I've never heard anyone call tensor networks "Penrose diagrams". Category theorists think of them as a special case of "string diagrams" in monoidal categories, so that's what I usually call them.
@johncarlosbaez @BartoszMilewski I just looked it up, and I seem to have misremembered: the GR-specific tensor diagrams are called "Penrose graphical notation" (https://en.wikipedia.org/wiki/Penrose_graphical_notation)
@johncarlosbaez But presumably @BartoszMilewski's statement that "you'd see the horizon as a black surface coming at you" is true at some level, because what you see in the distance is not only a function of local spacetime (unless you're inside an enclosure, which is the usual conceit of equivalence principle thought experiments).
@internic @BartoszMilewski - right, as you approach the horizon it looks dark except perhaps for some lensing.
From a distance:
@johncarlosbaez @internic
This is NASA simulation of a fall into a black hole.
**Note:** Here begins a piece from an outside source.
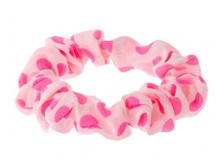 8840. �������. 6 ��. 9 ���.jpg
It shows a black wall.
@BartoszMilewski @johncarlosbaez Incidentally, that video is the work of @SchnittGetsReal
@BartoszMilewski - I hope you read this... another branch of this sprawling thread:
@johncarlosbaez @internic
So you see my confusion: If the approaching horizon looks like a black wall, you shouldn't be able to see your hand that has just crossed it.
@BartoszMilewski
As far as I understand GR, even long before you actually arrive at the proper horizon things will get very dark, as only the light moving in a narrower and narrower cone will be able to escape.
@johncarlosbaez @internic
@j_bertolotti @BartoszMilewski Right. The situation with your arm is different, and that's where the conformal diagram that @johncarlosbaez posted is helpful. If you imagine an extended object falling into the black hole you can see that light from the left side (closer to the center) will always reach the right side at a later time. If, however, the object stops falling inward while partially over the horizon, light from the portion inside the horizon will never reach the portion outside (correspondingly meaning no causal force law can possibly keep them from tearing apart).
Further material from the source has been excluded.